2006 war ich drei Wochen im künstlichen Tiefschlaf. Als ich aufwachte, wollte ich nur nach Hause. Das war natürlich nicht möglich, da ich noch medizinische Hilfe benötigte und auch niemand wusste, wie meine Beatmung zu Hause sicher gestellt werden kann. Doch zum Glück bekam ich einen Platz im RCU (Resperatorian Care Unit) im Otto-Wagner-Spital und das war wirklich ein Glücksfall. OA Dr. Sylvia Hartl war sehr bemüht, für mich Rahmenbedingungen zu schaffen, damit ich wieder zu Hause leben konnte. Zunächst wurde meine Frau Judit eingeschult, sie lernte die Atemkanüle absaugen, wie das Beatmungsgerät funktioniert, welche Notfälle auftreten können und wie man diese Probleme löst. Es gab einen genauen Einschulungsplan mit Prüfungen, die Krankenschwestern oder sogar Ärzte abnahmen.
Lebhaft ist Judit noch der erste Kanülewechsel in Erinnerung, den sie selbst durchgeführt hatte. Vier Ärzte standen rund um das Bett und sahen ihr auf die Finger, die zum Glück nur leicht zitterten. Zuletzt hatte Judit das nötige Know-How gesammelt, um mich zu Hause versorgen zu können. Eine große Aufgabe. Zum Glück ist Judit eine starke und mutige Frau, denn es ist schon eine große Verantwortung, einen beatmeten Angehörigen zu Hause zu versorgen. Gerade am Anfang, wenn man noch nicht weiß, wie es funktionieren kann oder welche Probleme auftreten können. Theorie ist das eine, Praxis das andere.
Ich bin ihr sehr dankbar, besonders für diese mutige Anfangszeit. Der Übergang vom Krankenhaus nach Hause bräuchte meiner Meinung nach mehr Unterstützung von professionellen Hilfskräften. Das Otto-Wagner-Spital war perfekt in der Vorbereitung, aber wir suchten für die ersten Wochen eine diplomierte Krankenschwester, die uns zu Hause begleitet. Es fand sich aber niemand. Schließlich ging es auch um die Verantwortung, die keine Pflegefachkraft übernehmen wollte. Es hieß von einer Krankenschwester, dass sie nur arbeitet, wenn auch meine Frau als pflegende Angehörige anwesend ist. Na super, das wäre nur eine sehr beschränkte Entlastung gewesen.
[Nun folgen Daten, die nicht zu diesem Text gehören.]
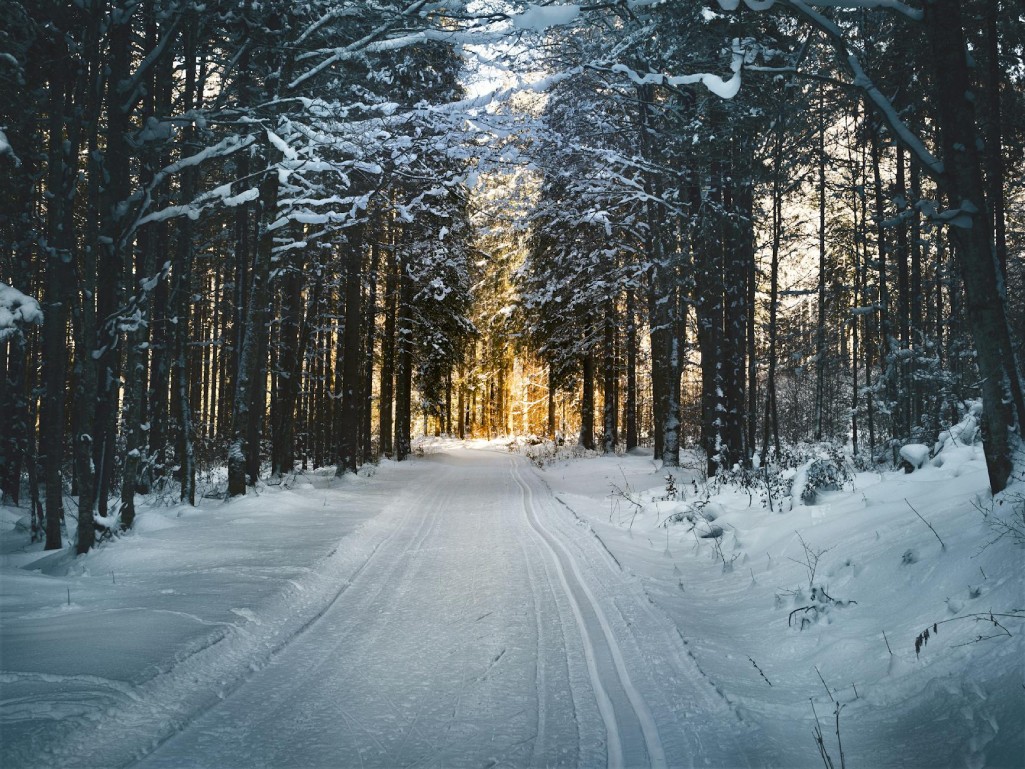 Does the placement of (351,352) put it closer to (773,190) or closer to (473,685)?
(773,190)

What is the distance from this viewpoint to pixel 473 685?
154 inches

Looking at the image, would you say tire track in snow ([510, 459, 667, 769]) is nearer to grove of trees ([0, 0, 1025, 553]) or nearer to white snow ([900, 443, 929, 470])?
grove of trees ([0, 0, 1025, 553])

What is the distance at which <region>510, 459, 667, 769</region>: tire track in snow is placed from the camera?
3.15m

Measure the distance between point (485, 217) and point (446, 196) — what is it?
6388 mm

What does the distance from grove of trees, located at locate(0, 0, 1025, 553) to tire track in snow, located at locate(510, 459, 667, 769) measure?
141 inches

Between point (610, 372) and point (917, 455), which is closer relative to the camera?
point (917, 455)

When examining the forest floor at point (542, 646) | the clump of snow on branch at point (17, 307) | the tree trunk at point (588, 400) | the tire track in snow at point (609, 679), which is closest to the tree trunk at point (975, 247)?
the forest floor at point (542, 646)

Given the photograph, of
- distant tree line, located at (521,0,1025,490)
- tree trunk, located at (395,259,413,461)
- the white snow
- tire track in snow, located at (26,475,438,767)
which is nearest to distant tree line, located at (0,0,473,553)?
tree trunk, located at (395,259,413,461)

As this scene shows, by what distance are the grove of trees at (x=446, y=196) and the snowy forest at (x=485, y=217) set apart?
79mm

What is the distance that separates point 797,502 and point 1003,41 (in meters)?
9.49

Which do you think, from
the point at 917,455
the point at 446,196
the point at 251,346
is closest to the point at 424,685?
the point at 917,455

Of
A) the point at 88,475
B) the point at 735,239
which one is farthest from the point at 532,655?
the point at 735,239

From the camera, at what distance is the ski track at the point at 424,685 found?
3096 mm

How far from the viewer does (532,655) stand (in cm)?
439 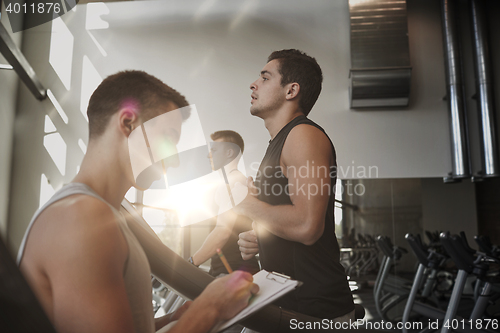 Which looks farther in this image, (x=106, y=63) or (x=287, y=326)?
(x=106, y=63)

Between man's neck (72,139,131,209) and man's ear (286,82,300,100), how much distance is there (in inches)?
18.7

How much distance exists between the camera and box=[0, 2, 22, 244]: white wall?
302 centimetres

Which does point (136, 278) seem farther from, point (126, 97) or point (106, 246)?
point (126, 97)

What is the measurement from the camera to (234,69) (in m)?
2.84

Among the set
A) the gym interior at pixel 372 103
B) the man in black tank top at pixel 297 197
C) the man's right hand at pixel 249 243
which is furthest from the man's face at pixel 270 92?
the gym interior at pixel 372 103

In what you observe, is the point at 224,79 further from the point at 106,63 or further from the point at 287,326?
the point at 287,326

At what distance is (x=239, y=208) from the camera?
0.73 meters

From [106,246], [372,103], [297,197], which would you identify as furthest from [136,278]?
[372,103]

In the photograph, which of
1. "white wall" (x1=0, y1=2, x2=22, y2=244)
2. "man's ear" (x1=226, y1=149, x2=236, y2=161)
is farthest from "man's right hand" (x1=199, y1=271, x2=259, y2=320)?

Eine Krankenschwester aus dem Otto-Wagner-Spital erklärte sich bereit, zum ersten Kanülewechsel zu uns nach Hause zu kommen. Das war ein tolles Angebot, das wir natürlich in Anspruch nahmen. Wir brauchten ein Sicherheitsnetz, gerade in Situationen wo wir noch zu wenig Erfahrungen gesammelt hatten. Der Unterschied zwischen Krankenhaus und zu Hause ist gewaltig. Bedeutend mehr Lebensqualität für mich als Betroffenen. Mehr Stress für meine Frau. Denn zu Hause gibt es keine Notfallglocke, wo man läutet und schon rauscht durch die Tür medizinisches Personal herein.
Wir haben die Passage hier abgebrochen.